Talking to reporter Josh Siegel, Linda Vickers, the owner of a ranch in Encino, Texas, explained, "We have [illegal] traffic almost every day...From women in distress to gang members." Pointing, she added, "In fact, one MS-13 was right up in that tree." Benny Martinez, the chief deputy sheriff in Brooks County, Texas, described the impact of illegal immigration: "You get your extortion cases that occur here in town. You get your human smuggling cases. You get your assault cases."
Ronnie Osburn, the land manager for Tepeguaje Ranch, took Siegel on a tour and showed just how people evade border patrol:
We've been catching a lot of people in this area, sometimes packing dope.
The coyotes have the GPSs and they know, more or less, where they're going. But, I mean, look around you. This is the woods. This is the brush of South Texas.
These cartels that are leading these groups of illegal aliens come through the brush. You know, they need a stopover place to rest or hide from the border patrol and the helicopter. And so, they went to quite a bit of work to build these little hutches and they're virtually impossible to see from the air.

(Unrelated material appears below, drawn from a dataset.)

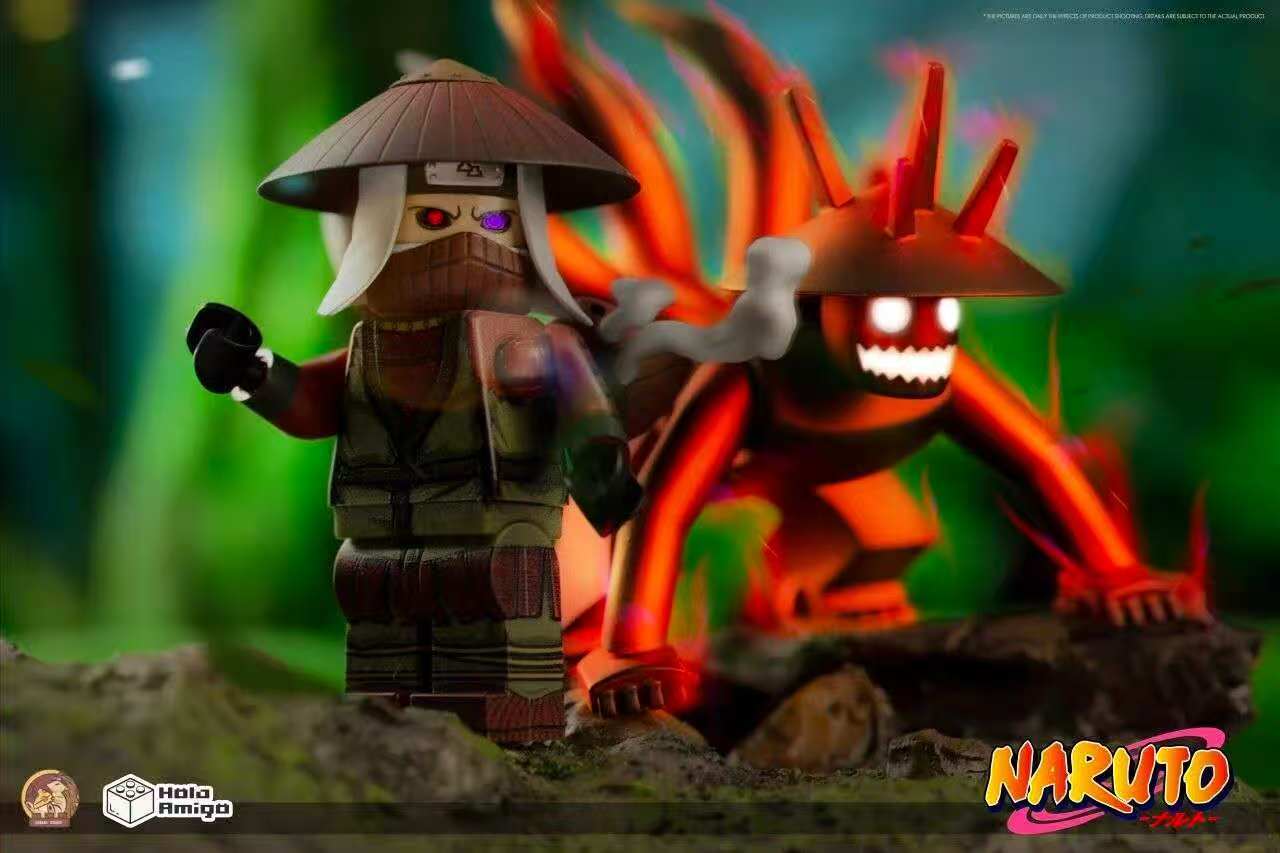 【Cheese】Five-Tails Han + Tailed Beast Mode (Two Minifigures) 五尾漢 + 尾獸化（雙人仔）오미의 한 + 미수화 (미니피규어 2개)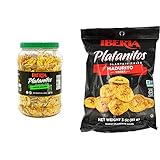 Iberia Plantain Chips Jar Lightly Salted, 28 Oz (1.75 lb) + Iberia Maduritos Plantain Chips 3 Ounce...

Illegals routinely break into houses on the ranch, he explained. Osburn ominously related, "We had a group of illegals break into the headquarters house and ransack it. Tear everything up. They broke the glass on the gun cabinet and removed several guns."
A study by the Media Research Center's Geoff Dickens found that journalists simply weren't covering stories related to gang members entering the country, possible terrorist infiltration and other angles.
On Thursday, ABC finally discovered the disease danger created by sick illegals crossing the border.